TeXtML’s query language is yet another XML variant, entirely unlike XQuery. The dissimilarity is understandable. TeXtML is
primarily intent on performing rapid document content search; less important is the capability to navigate an XML document’s
structure using XPath-style expressions (as can happen in XQuery).
TeXtML’s demonstration download comes with a preloaded repository, as well as an application that allows you to experiment
with the system’s querying capabilities. The application lets the user enter queries by filling in text boxes, generates the
query invisibly, then executes it.
The installation also includes sample apps and queries, and the included programmer’s manual provides a line-by-line explanation
of the VBScript programs. This is not to suggest that VBScript is your only programming avenue into TeXtML, which supports
APIs for Java, native .Net, COM, and OLEDB (organic light-emitting diode B). There is also a WebDAV extension; but, at the
time of this writing, the API did not support some of TeXtML’s advanced features.
Concluding Content
Daisy could certainly benefit from a smoother installation. Hopefully, a turnkey version, expected as part of the next release,
will eliminate that complaint. Beyond that, the Daisywiki is a joy to play with, and is an excellent test-drive of Daisy’s
novel stuff-it-all-in-one-bag approach to document storage.
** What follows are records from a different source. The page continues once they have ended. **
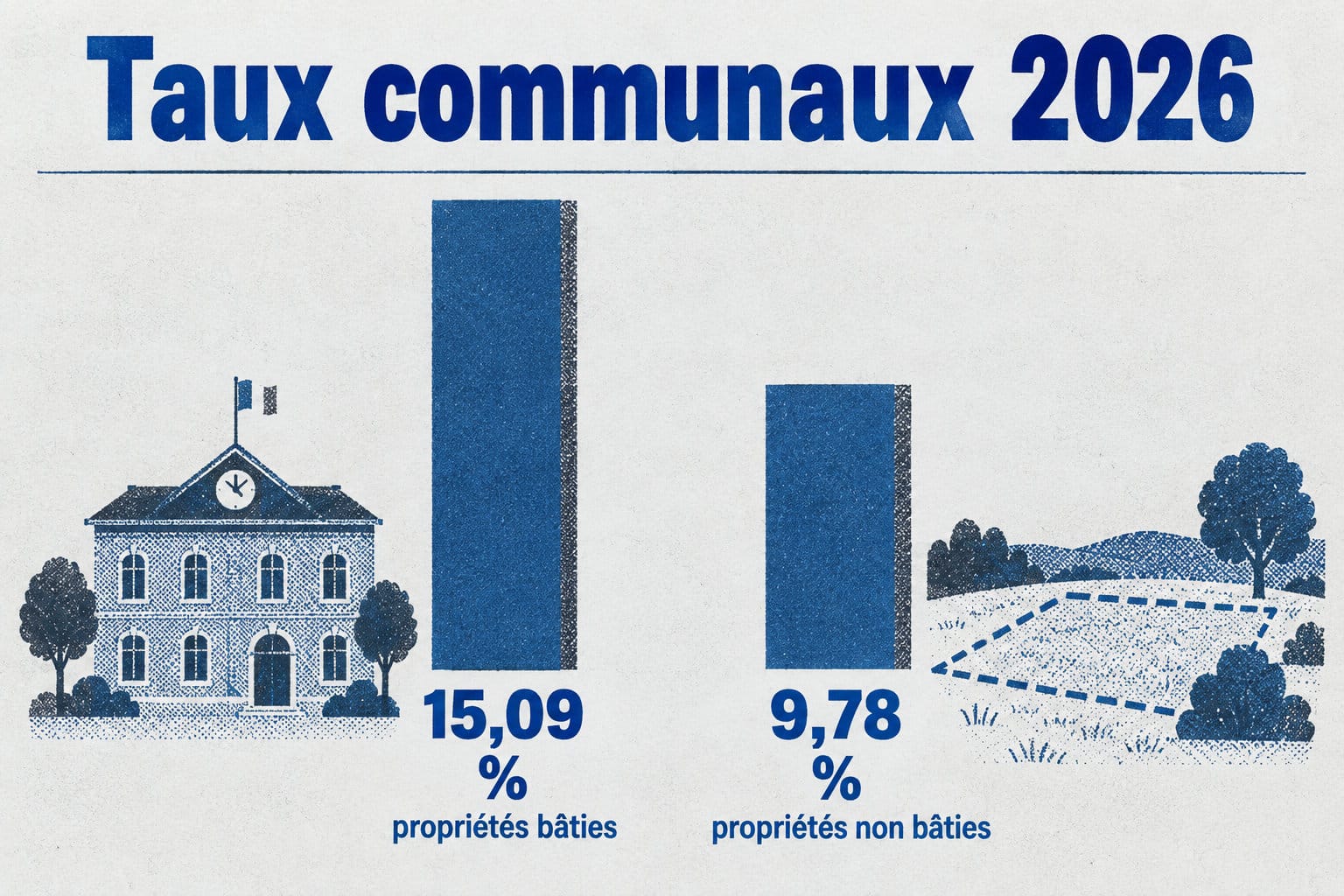 Pour 2026 à Boulogne-Billancourt, le taux communal est de 15,09 % sur les propriétés bâties et de 9,78 % sur les propriétés non bâties.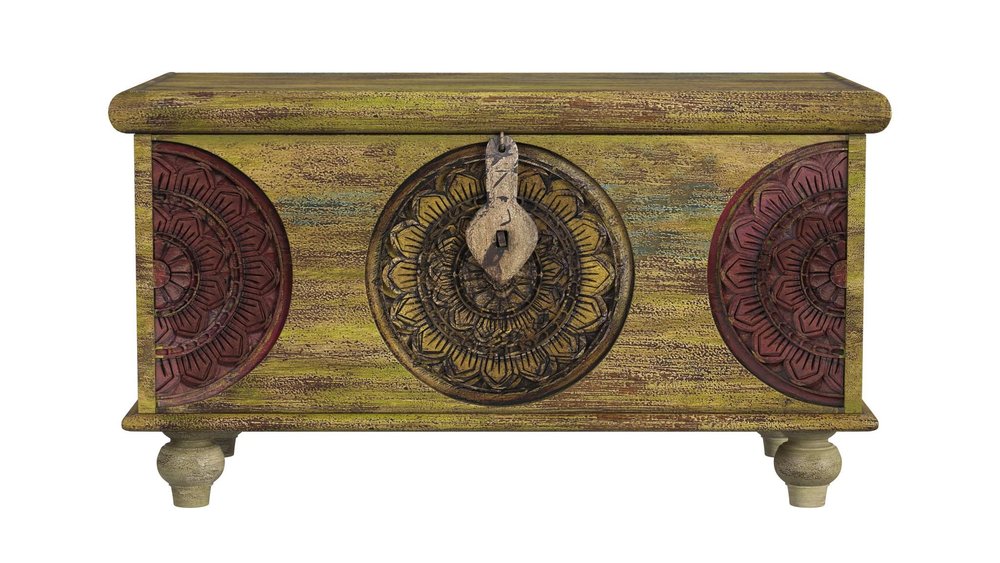 33" Brown and Green Wood Distressed Coffee Table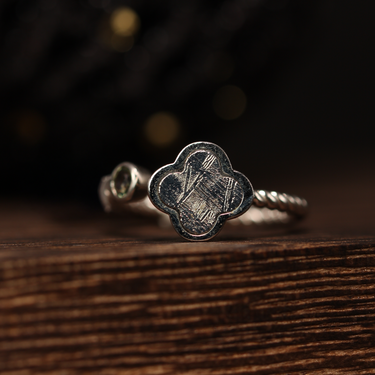 Muonionalusta Meteorite Clover with Moldavite Ring, gemstone jewellery (view 2)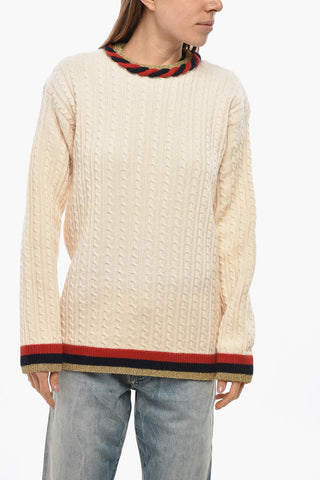 Pullover Girocollo in Misto Cashmere Cable Knit con Dettagli Lurex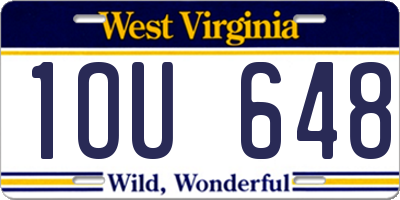 WV license plate 1OU648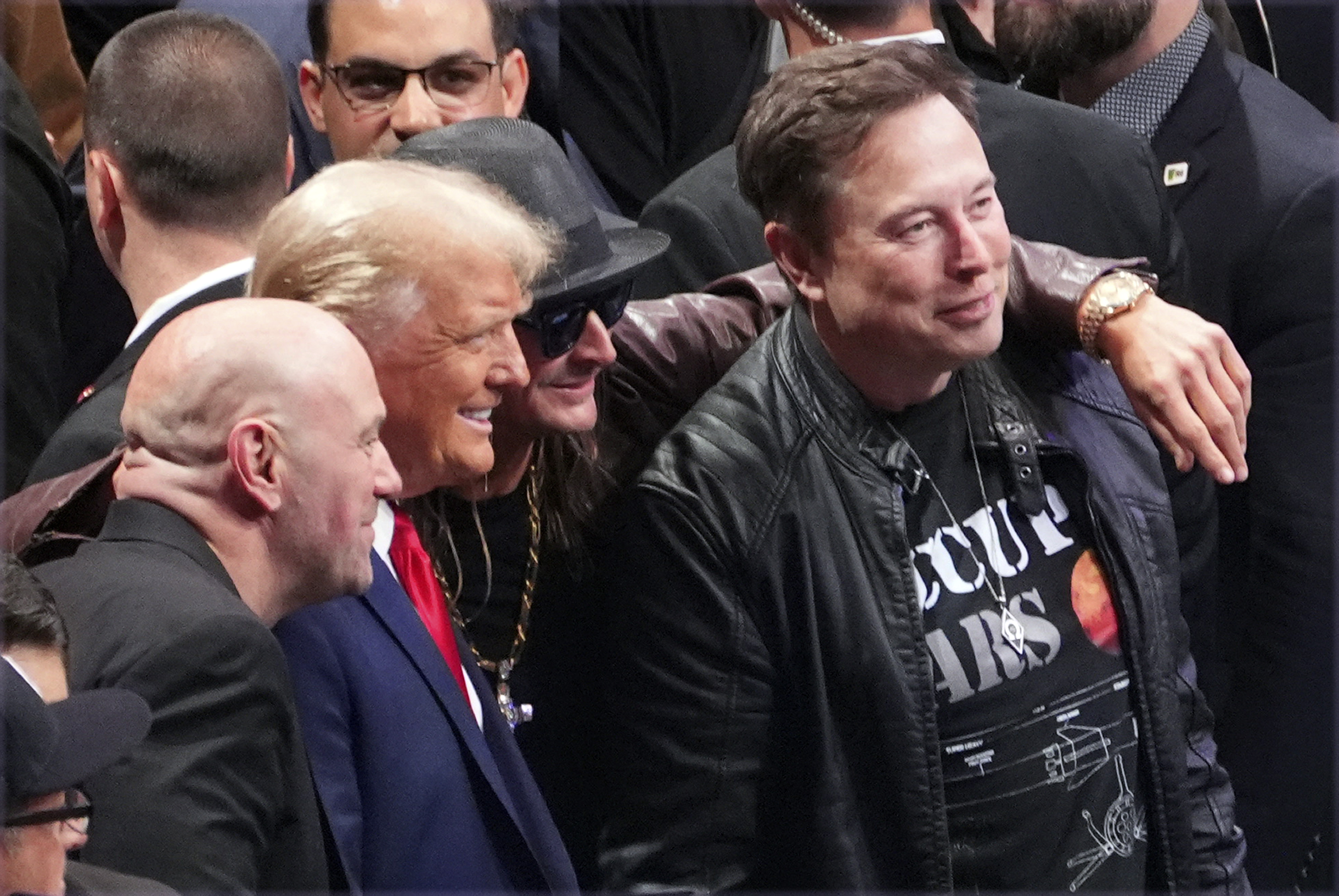 President-elect Donald Trump poses for a photo with Dana White, Kid Rock and Elon Musk at UFC 309 at Madison Square Garden, Saturday, Nov. 16, 2024, in New York. (AP Photo/Evan Vucci)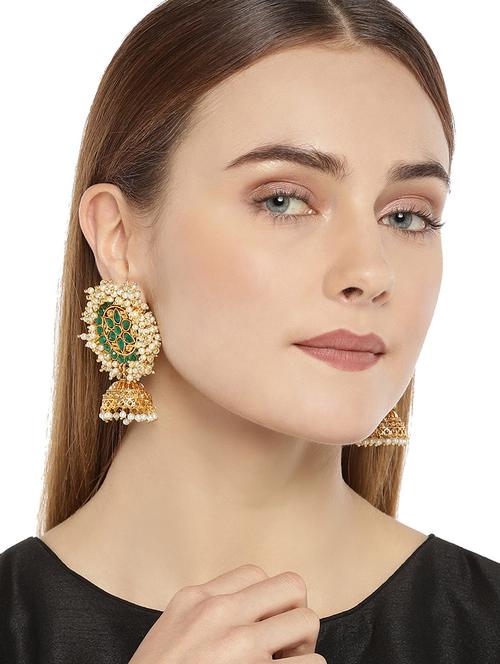 gold zinc jhumka earring - 15680532 - Standard Image - 1
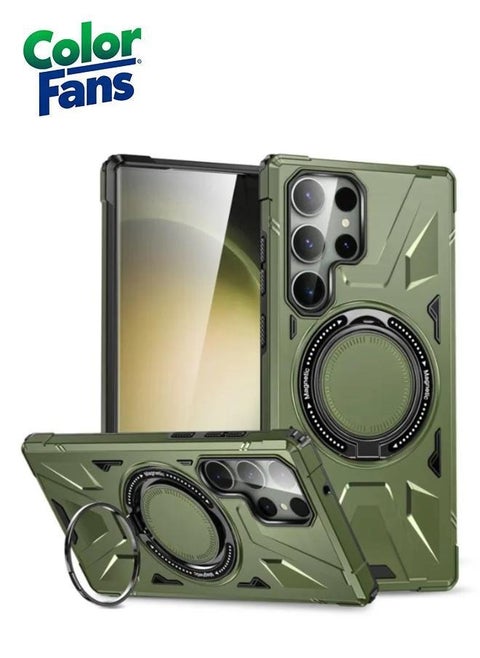 Samsung Galaxy S24 Ultra Case Scratch-resistant Cellphone Cover with 360° Rotatable Kickstand Design - Dark Green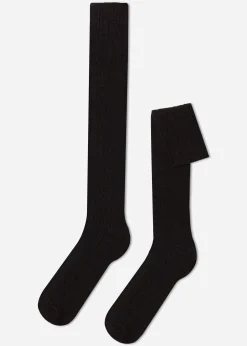 Calcetines Largos Con Canalé  De Hombre Con Lana y Cashmere
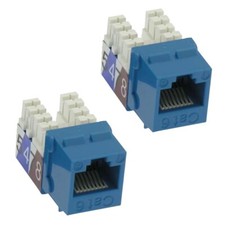 2x Cat6 RJ45 Network LAN Ethernet Keystone Jack 110 Punch Down Snap-In 8P8C Blue picture
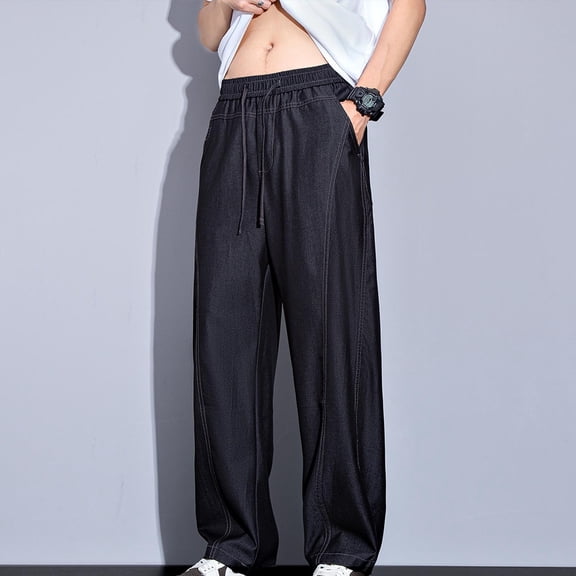 Mifsaly Men Lightweight Denim Style Pants Elastic Waist Drawstring Wide Leg Casual Summer Trousers Soft Breathable Loose Fit Lounge Pant with Pockets 2026 L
TeXtML is the product for scuba-diving through oceans of text content. It also provides safeguard features that Daisy doesn’t
have, such as the Fault Tolerant Server, which replicates documents and transactions on multiple TeXtML servers.
If hard-core text searching is what you need in your CMS system, then by all means give TeXtML a look. Daisy, however, has
that powerful attribute that we are seeing more and more in high-quality software: open source. If you want to set up a wiki
site in an evening or two, Daisy is very hard to beat.